(Task brief)
Your output should be everything below from the line containing "1503-2536-00 VALVE DISC" down to the line containing "final_Interactive LightMix_View07.jpg", both ends included, copied exactly, with pictures left out.
(Data shown Opens)
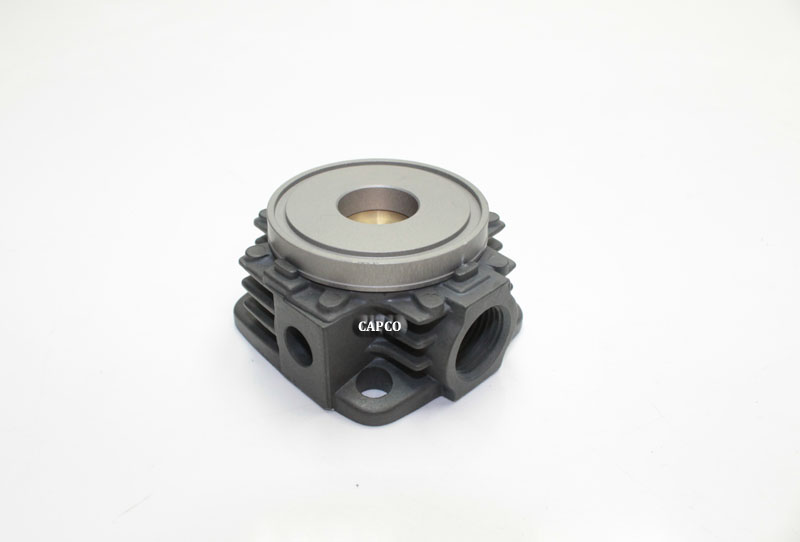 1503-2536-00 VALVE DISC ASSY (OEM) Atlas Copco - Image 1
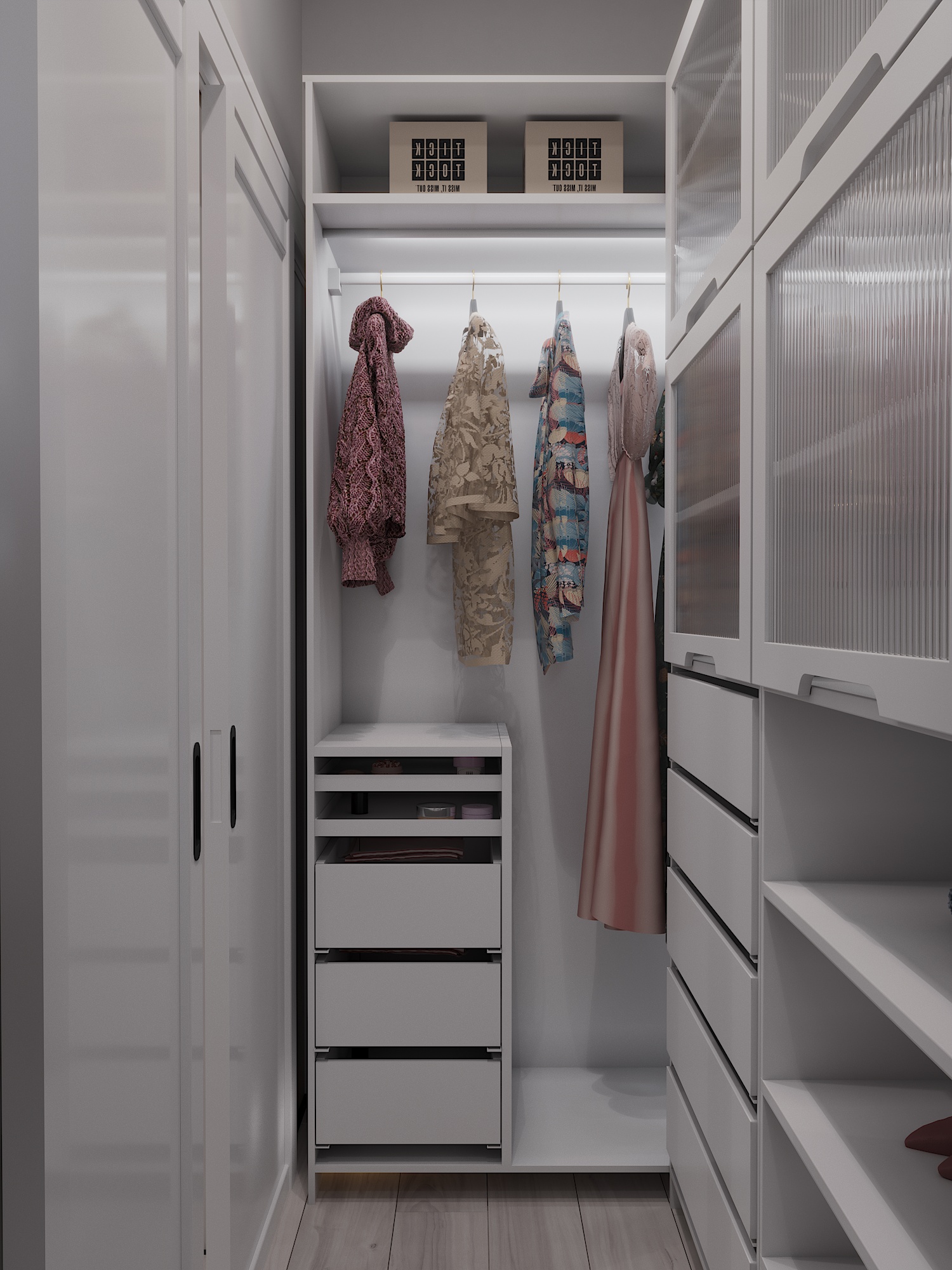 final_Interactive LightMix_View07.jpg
(Data shown Closes)
(Data shown Opens)
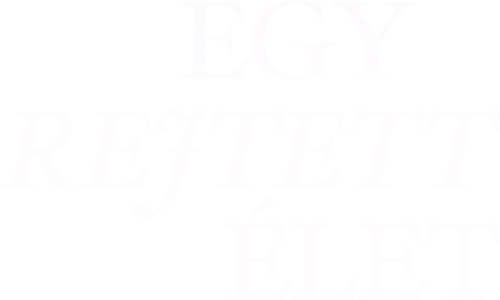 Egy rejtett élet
(Data shown Closes)
(Data shown Opens)
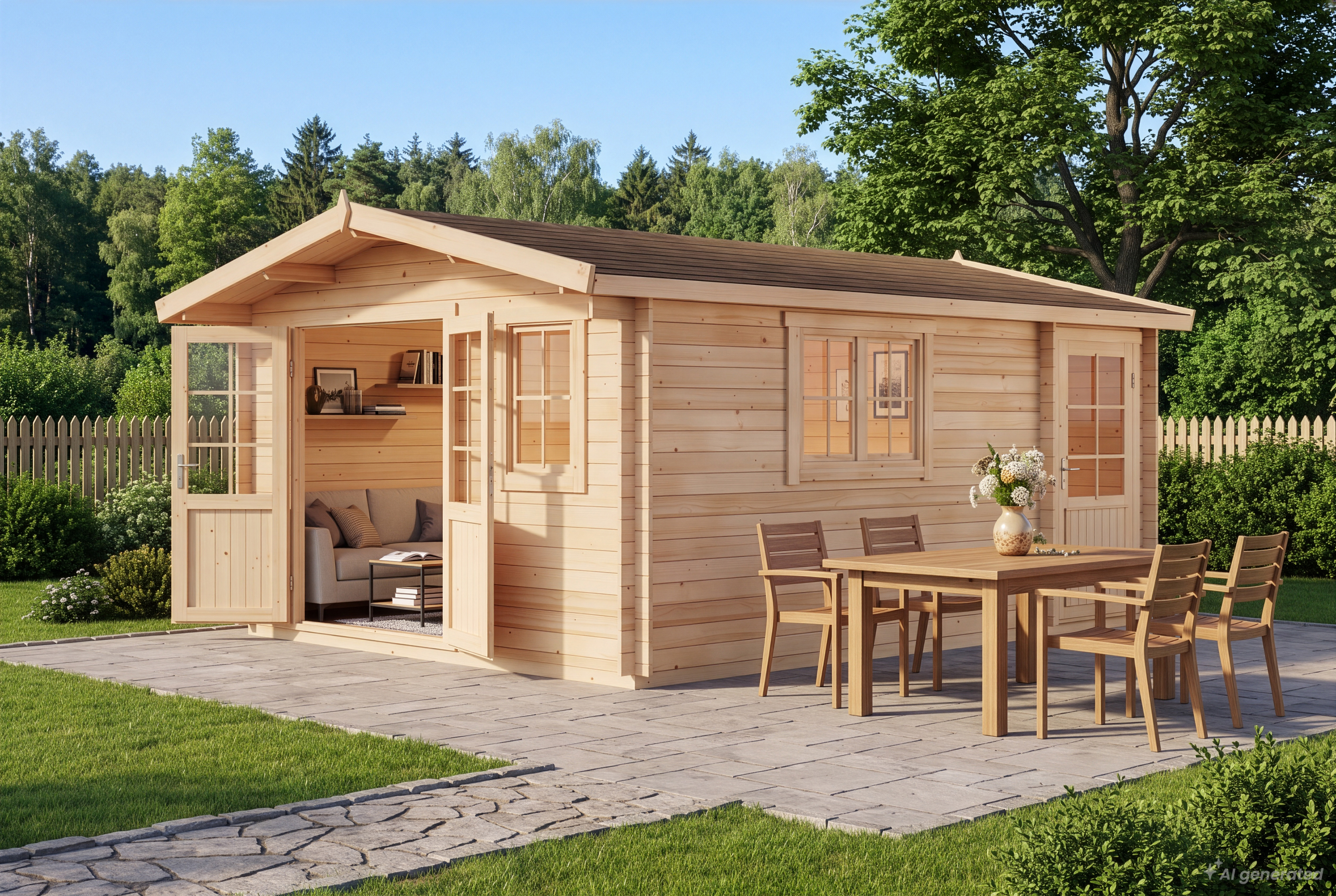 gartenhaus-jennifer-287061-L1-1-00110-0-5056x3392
(Data shown Closes)
(Solved problem)
 1503-2536-00 VALVE DISC ASSY (OEM) Atlas Copco - Image 1
 final_Interactive LightMix_View07.jpg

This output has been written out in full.